FORT KENT, Maine — Although no parent wants to think that their child will become involved in a school shooting, unfortunately it can and does happen in towns both big and small throughout our country.

Law enforcement personnel from three different agencies educated students at Fort Kent Community High School on Tuesday morning about what steps the students could take should they find themselves in such a horrific situation.

The training was provided by ALICE-certified officers Sgt. Joshua Haines and Trooper Andrew Levesque of the Maine State Police, Sgt. Matt Cummings of the Aroostook County Sheriff’s Office and Madawaska Police Department Lt. Jamie Pelletier, a school resource officer for the Madawaska School Department..

ALICE, which stands for alert, lockdown, inform, counter, and evacuate, is a strategic training program designed to equip individuals with the skills they would need to use if ever an active shooter or aggressive intruder were in the building or on school grounds.

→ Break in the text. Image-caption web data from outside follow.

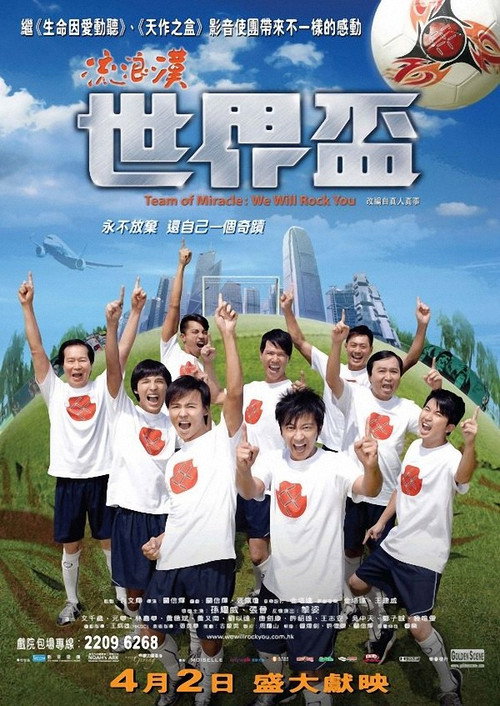 Movie poster for Team of Miracle: We Will Rock You (2009)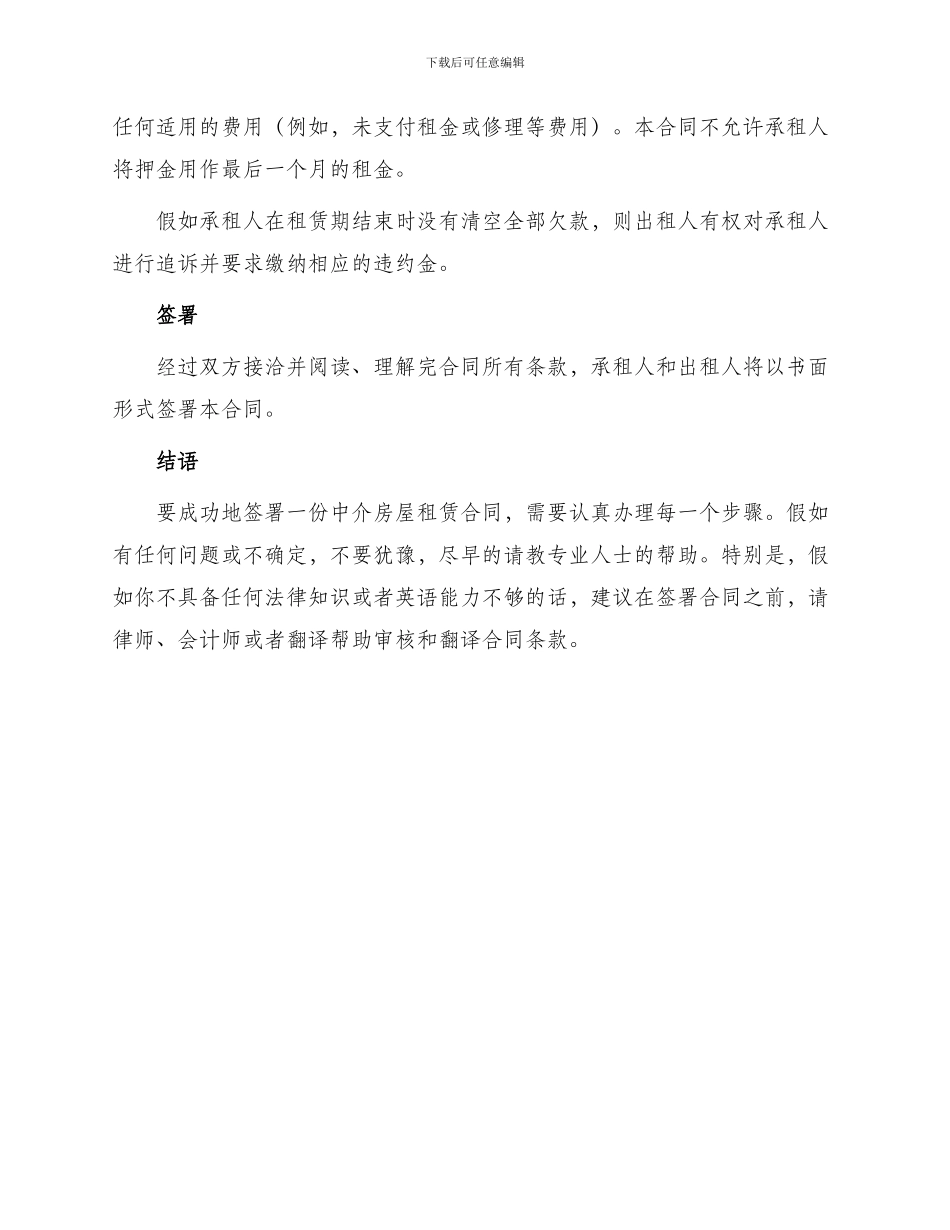正规版中介房屋租赁合同_第2页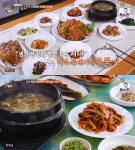 [종합] 식객 허영만의 백반기행 여수 맛집 리스트 1탄,삼치회-새조개삼합·샤브샤브-깨장어탕-서대회무침-시장백반집 엄홍길 대장과 함께…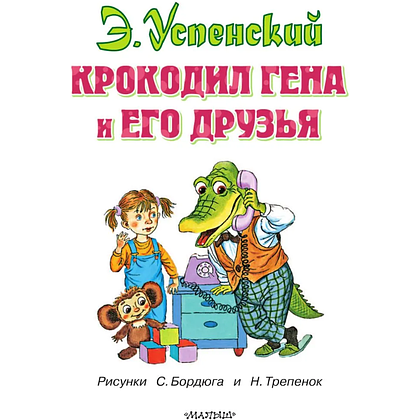 Книга "Крокодил Гена и его друзья", Эдуард Успенский - 3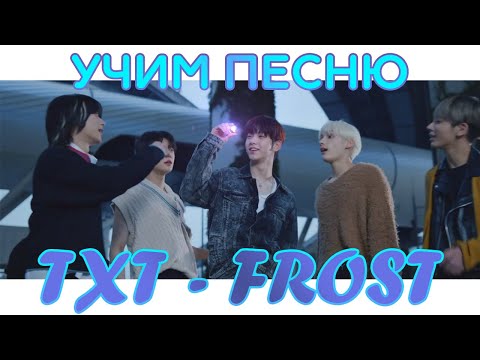 Видео: Учим песню TXT - 'Frost' | Кириллизация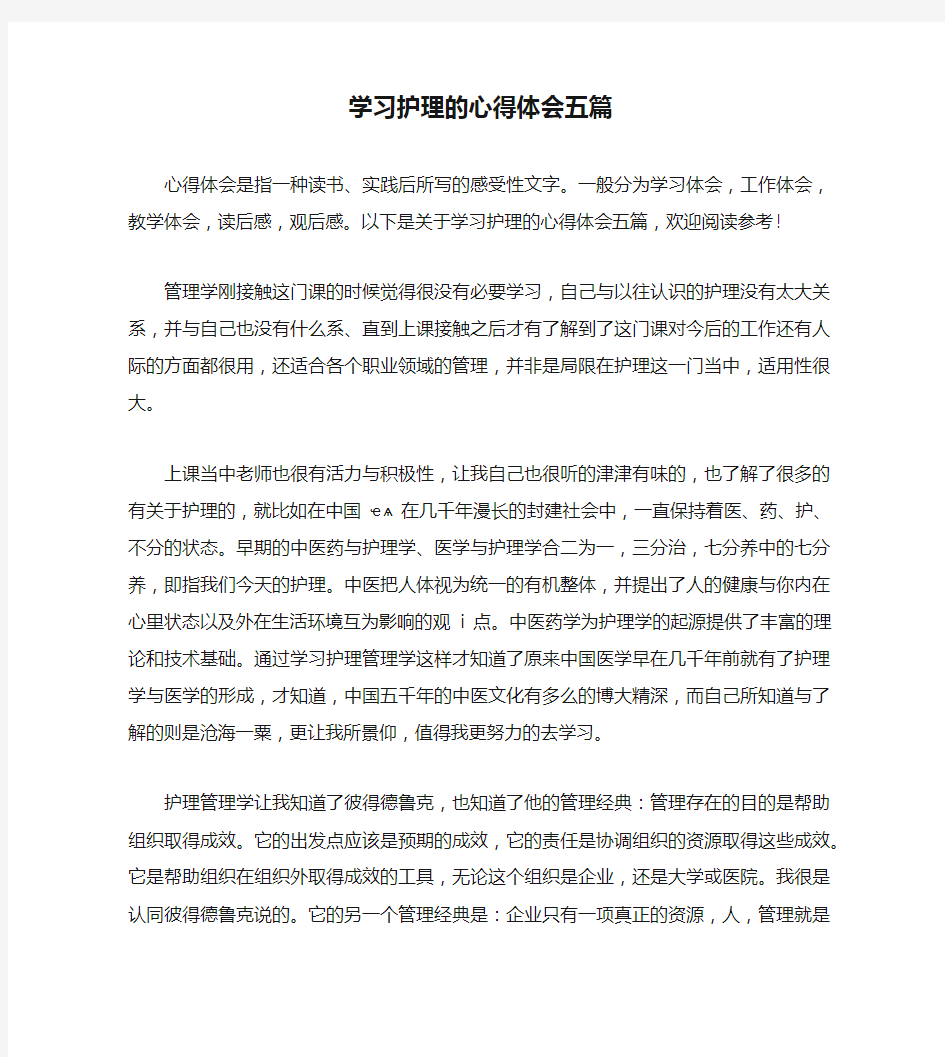 学习护理的心得体会五篇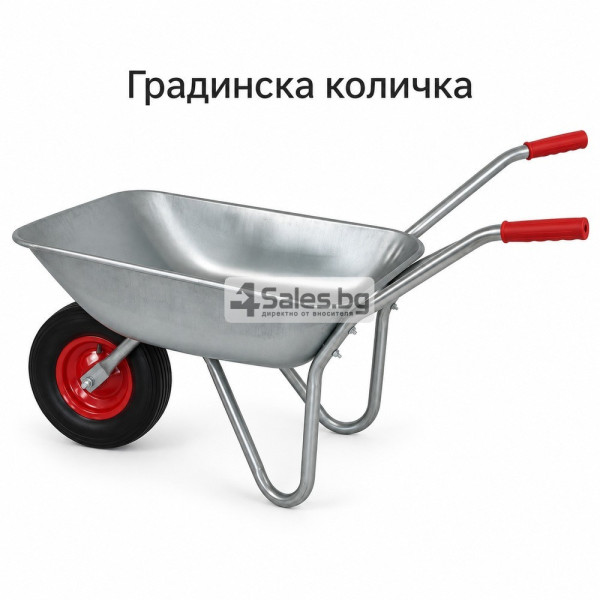Градинска количка с метално корито и червени ръкохватки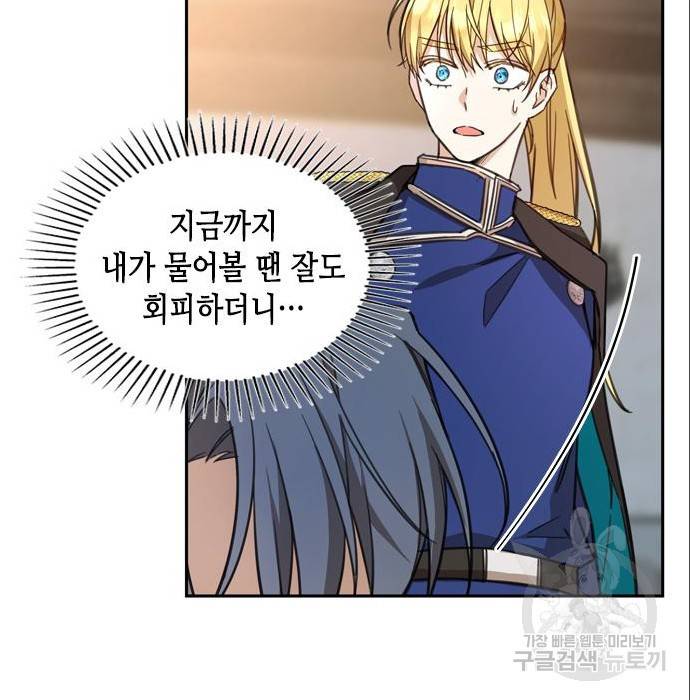 주인님을 잡아먹는 방법 7화 24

Meeting by grade level in the high-school cafeteria, Sgt. Haines and the other officers taught the students how to safely evacuate the school campus should they learn a shooter is on the premises.

“Go as far as you need to; go until you think you’re safe,” Haines told the students.

The law enforcement officers also trained the students in countering techniques to disarm a shooter.

Although it may be frightening for parents to consider their children attempting to involve themselves in the act of confronting a school shooter, studies have shown that this method can be more effective in saving lives than the traditional school lockdown approach. 

Sgt.Haines, who has two children of his own who attend high school and his wife is a school secretary, described ALICE training as “a proactive approach.” 

“The alternative is to hide in the corner or under desks. We’ve seen so many kids killed that way,” Haines said. “I taught my kids to defend themselves at all costs, rather than be executed. That may be their only option to survive (a school shooting).”  

“ALICE training let’s you know you can do something, and anything is better than nothing,” Lt. Pelletier added.